# Create baseline random forest model

This is a first pass on the Microsoft malware Kaggle competition. This notebook creates a baseline model using sklearns random forest classifier to offer a gauge on how well future models are performing. 

We'll also use this notebook to get a initial view of the feature importance in this dataset. 

In [1]:
import os
import random
import feather

import pandas as pd
import numpy as np

from sklearn.ensemble import RandomForestClassifier

  from numpy.core.umath_tests import inner1d


In [2]:
data_path_training = 'data/train.csv'

The training data set has already been loaded and saved to a feather format in the raw_data_to_feather notebook. This reduces the load time of the full training set from ~2mins to ~1min. The full training set is ~7.5gb of data which is starting to put pressure on the memory on my laptop. Will need to consider how to approach working with datasets of this size particularly when we want to pull in the test set of data.

In [3]:
#%time train_df = feather.read_dataframe(data_path_training)

### Issues with file size

The 7.5gb size of the full training set has been causing issues on my local machine. Instead we'll use a sample of the training data for local development and then run the full set on a cloud instance when ready.

Using exp1orer's answer from this stackoverflow question: https://stackoverflow.com/questions/22258491/read-a-small-random-sample-from-a-big-csv-file-into-a-python-data-frame

At this stage we'll work with 1% of the training data. Note: each time this is run it will take a different sample.

In [4]:
%time train_df = pd.read_csv(data_path_training, header = 0, skiprows = lambda i: i > 0 and random.random() > 0.01)

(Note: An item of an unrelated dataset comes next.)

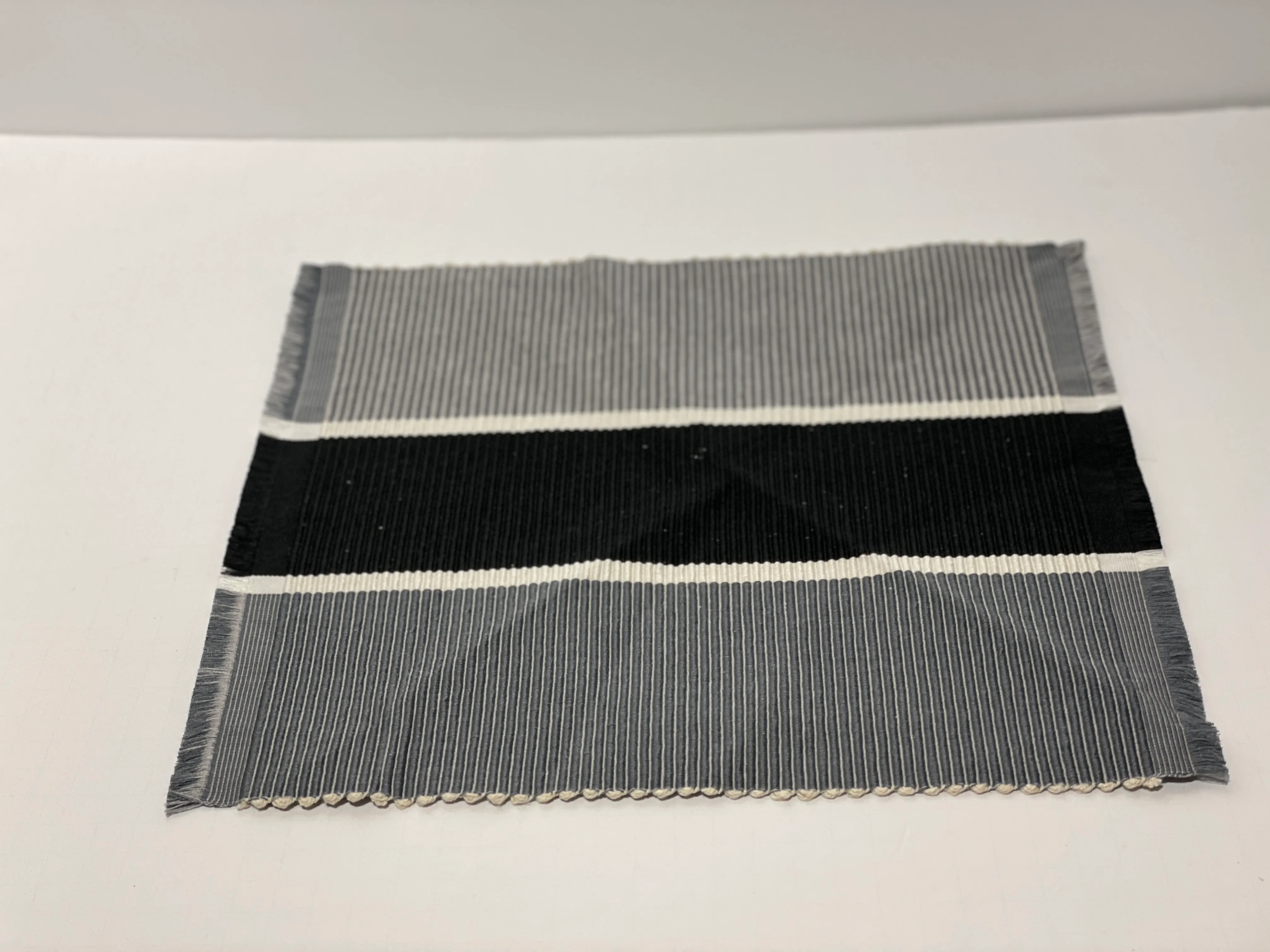 Placemat - Black Gray - 6pc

CPU times: user 22.3 s, sys: 873 ms, total: 23.1 s
Wall time: 23.2 s




In [5]:
pd.set_option('display.max_columns', 500)
pd.set_option('display.max_rows', 500)

## Initial overview of data

The training dataset contains ~9 million rows of data each containing 83 features. The set is divided almost exactly in half of examples with and without malware detected.

In [6]:
train_df.shape

(89376, 83)

In [7]:
train_df.HasDetections.value_counts()

1    44717
0    44659
Name: HasDetections, dtype: int64

In [8]:
train_df.head(2).T

Unnamed: 0,0,1
MachineIdentifier,0000d322f204595d1d90eac4cb8a6e6e,000143e604f86e38c23c6e858c02d562
ProductName,win8defender,win8defender
EngineVersion,1.1.15100.1,1.1.15100.1
AppVersion,4.18.1807.18075,4.18.1807.18075
AvSigVersion,1.273.1135.0,1.273.529.0
IsBeta,0,0
RtpStateBitfield,7,7
IsSxsPassiveMode,0,0
DefaultBrowsersIdentifier,,
AVProductStatesIdentifier,53447,53447


## Preprocessing training data for Random Forest

All of the features need to be converted to numbers to work in the random forest. We need to identify which columns hold values that are not numbers (expect all of these values to be strings) and then decide whether to one hot encode or linear encode the features.

For features that have low enough value types we will one hot encode, the others we will pass through a linear encoder.

#### Potential problem
These counts of the number of values in each feature may not hold true in the full training set.

#### Results from full training set
When running this code over the full traing set this was the result from a limit of 35:

"After one hot encoding features with a cardinality of less than 35 values there will be 303 features in the training set"

The full results of this test are saved in non_numerical_features_full_training_set.csv. Note that a cut off of 30 will drop the number of features to 208 if the numbers of features becomes an issue.

In [9]:
non_numerical_features_names = list(train_df.select_dtypes(include=["object"]).columns)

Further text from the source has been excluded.